The demand for higher-quality products and new features delivered at breakneck speeds has the average engineer struggling just to stay afloat. With demands rising but resources not always following suit, engineering teams are embracing automation as a key testing option.
According to a report by advisory firm KPMG, test automation increased by 85 percent from 2015 to 2017 across all industries. Automation is one way to address this accelerated development schedule, but it can also introduce other problems. To ensure that doesn’t happen, there are four common pitfalls that engineering teams need to look out for.
Problem No. 1: Right Job, Wrong Tools
It’s tough to build a shed with a spatula and a sewing needle. Likewise, you can’t build a successful test automation suite if the tools used don’t fit your company’s testing strategy.
The solution: Pick the right framework for your suite.

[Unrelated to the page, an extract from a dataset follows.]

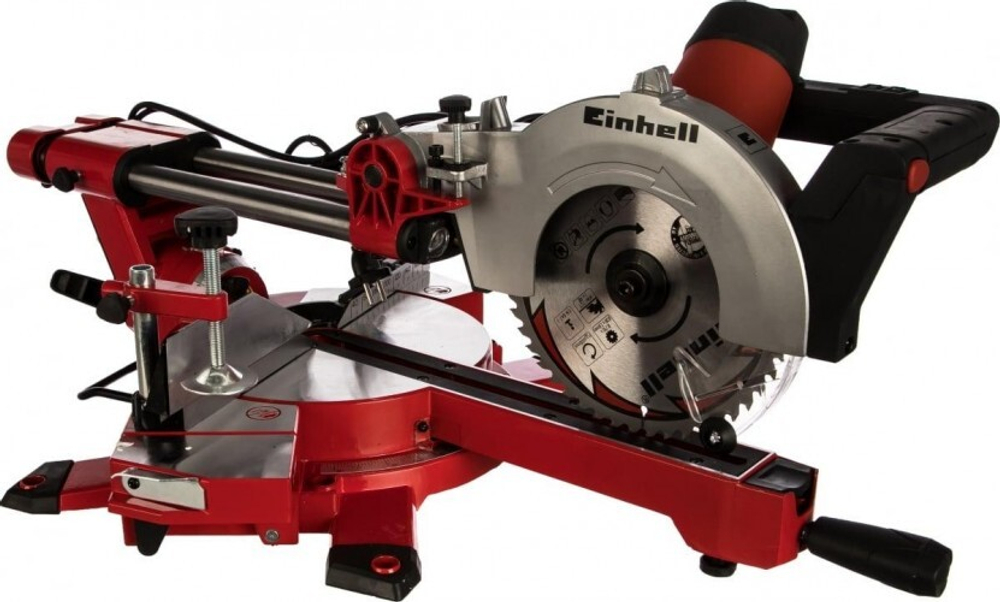 Пила торцовочная сетевая EINHELL TE-SM 2131 Dual 4300860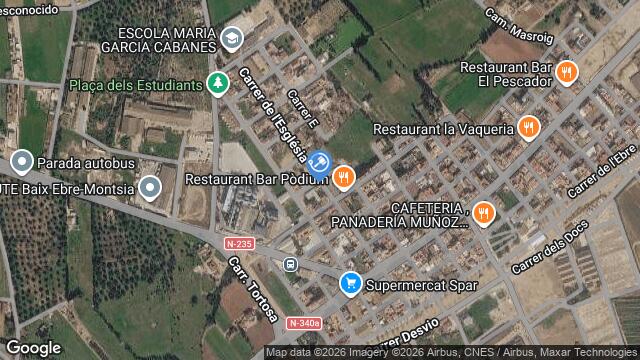 Ubicación de la subastas Subasta de vivienda en L'ALDEA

The first question you need to ask yourself is: Should you build or buy your test automation framework? The answer likely depends on how mature your testing structure is. Smaller teams new to the technology typically are best-served starting with an off-the-shelf enterprise solution. This approach makes it easier to get up and running quickly, while having the support to handle software bugs along the way.
Larger, more mature testing teams may have more to gain from an open source automation framework. This cost-effective approach provides flexibility and customization, but often requires advanced technical expertise and the luxury of time to build such a solution.
Problem No. 2: Living Fast, Dying Young
Many automation projects never make it off the ground because teams move too fast and automate too much, too soon. Inserting automation into the delivery pipeline prematurely will cause workflow and build issues more often than not.
The solution: Build test automation into your pipeline incrementally.
It may be tempting to run full speed as soon as you are set up, but the truth is you need to take your time for developers to build confidence in the testing process. Once that confidence is established and you’re receiving valuable feedback, you will have the full team’s support as you continue to scale your automation strategy.
Problem No. 3: Automation Without Documentation
Automation can make testing easy. Sometimes too easy, to the point where engineers will simply kick back a failed test without looking into the reason it failed in the first place. Oftentimes, these failures are the result of an outdated testing script or an issue with the test environment, and not with the code at all.
The solution: Triage automation test results just like manual bugs.
Instituting an intermediary triage stage will save your engineering team time in the long run. There’s no need to treat your processes for automation results any different than you would bugs found manually. Having access to materials such as activity logs and screenshots will only help to strengthen and speed the triage process.
Problem No. 4: Setting and Forgetting
Automation makes testing quicker and easier. That’s why you invested in it in the first place, right? Unfortunately, there is more to such solutions than just plugging them in and letting them run.
The solution: Take maintenance into account when building your framework.
Many teams are surprised by the maintenance required to keep test automation suites running smoothly and effectively. They shouldn’t be. Solutions need to be updated continually to address user interface changes, new operating systems and browsers, and automation library changes. The maintenance of third-party dependencies also needs to be considered before automation is used for production test runs.
Maintaining your automation suite is a continuous process. Make sure you have enough testing resources—either in-house, outsourced, crowdtesting or a combination of all three—to ensure your efforts don’t go to waste.
Measure Twice, Implement Once
Make no mistake, automation is more than a quick fix. If you are going to spend the time and money necessary to build a successful strategy, you should make sure to set yourself up with a solid foundation. A framework that is thrown together within days but falls apart in hours will only serve to make automation seem like an unpalatable solution within your testing department. Having the right partners in place and the right solution from the start will help automation become a reality in your company, and can bring the promises of speed and flexibility to life.